Confiança para o clássico
A rival na busca por uma vaga na decisão será a Itália, que tem dominado o vôlei feminino nos últimos anos. O clássico acontecerá no próximo sábado, em horário ainda indefinido. Apesar do grande respeito, Ana Cristina acredita na força brasileira. 'A Itália é um time muito forte. Sabemos da qualidade, porque elas têm ganhado muitos campeonatos. Temos buscado evolução a cada jogo, confiamos em nós. Vai ser um grande jogo, um espetáculo. Daremos nosso melhor sempre', afirmou a atleta, que já conquistou duas medalhas olímpicas (prata em Tóquio 2020 e bronze em Paris 2024).
Inspiração na vitória recente
O Brasil se inspira no último encontro contra a Itália, pela primeira fase desta VNL, quando venceu por 3 sets a 2 em Brasília, no começo do mês passado. Na ocasião, as italianas viram acabar uma invencibilidade de 39 jogos. Para o duelo em Macau, o Brasil está desfalcado da central Júlia Kudiess, com ruptura no ligamento cruzado anterior (LCA) do joelho esquerdo, e da ponteira Gabi, que se recupera de um desconforto na região lombar.
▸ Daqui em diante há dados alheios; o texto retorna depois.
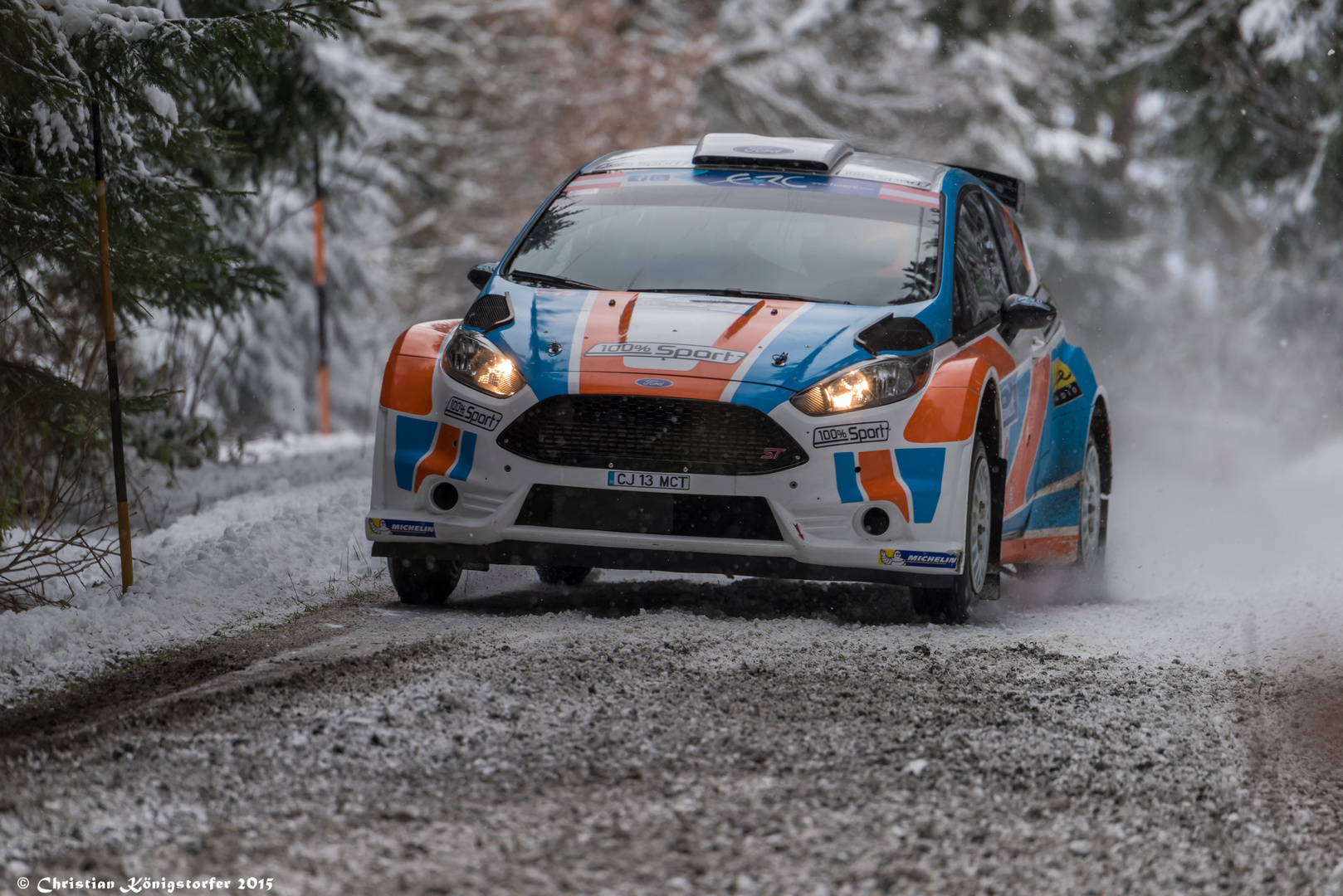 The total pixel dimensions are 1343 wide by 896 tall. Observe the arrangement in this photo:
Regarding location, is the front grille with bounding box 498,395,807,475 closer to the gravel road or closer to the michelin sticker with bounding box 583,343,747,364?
the michelin sticker with bounding box 583,343,747,364

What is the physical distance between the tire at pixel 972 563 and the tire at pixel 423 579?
6.04 feet

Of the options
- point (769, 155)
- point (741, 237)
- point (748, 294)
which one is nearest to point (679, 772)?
point (748, 294)

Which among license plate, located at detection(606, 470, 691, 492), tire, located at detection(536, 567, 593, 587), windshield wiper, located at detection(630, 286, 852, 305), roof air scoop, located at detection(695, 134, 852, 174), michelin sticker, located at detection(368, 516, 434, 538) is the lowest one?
tire, located at detection(536, 567, 593, 587)

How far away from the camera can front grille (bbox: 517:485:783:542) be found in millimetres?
5766

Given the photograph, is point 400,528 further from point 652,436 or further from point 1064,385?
point 1064,385

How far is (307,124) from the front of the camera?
1170 centimetres

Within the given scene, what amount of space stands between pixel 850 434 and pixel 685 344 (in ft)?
2.32

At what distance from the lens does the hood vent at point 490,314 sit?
6184 millimetres

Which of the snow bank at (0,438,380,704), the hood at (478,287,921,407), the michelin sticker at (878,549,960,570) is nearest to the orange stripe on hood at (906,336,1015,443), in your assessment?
the hood at (478,287,921,407)

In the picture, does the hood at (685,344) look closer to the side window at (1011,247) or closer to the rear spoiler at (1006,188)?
the side window at (1011,247)

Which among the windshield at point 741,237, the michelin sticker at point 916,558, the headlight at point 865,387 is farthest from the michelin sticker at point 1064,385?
the michelin sticker at point 916,558

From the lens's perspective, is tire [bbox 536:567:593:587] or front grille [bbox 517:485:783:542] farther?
tire [bbox 536:567:593:587]

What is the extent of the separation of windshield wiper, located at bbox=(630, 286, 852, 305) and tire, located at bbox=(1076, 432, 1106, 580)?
90.9 inches

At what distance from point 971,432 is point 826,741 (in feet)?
7.17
Gabi, considerada uma das melhores jogadoras do mundo, não disputou nenhuma partida nesta VNL. 'Perdemos algumas jogadoras muito importantes, e essa coletividade também nos faz jogar por elas. Elas queriam muito estar aqui. A cada dia, temos aprendido a jogar umas com as outras, ajudar. As meninas que entram têm se saído muito bem e até aumentado o nível. A vitória de hoje nos dá confiança de que estamos crescendo e de que vamos acreditar no título', disse Ana Cristina.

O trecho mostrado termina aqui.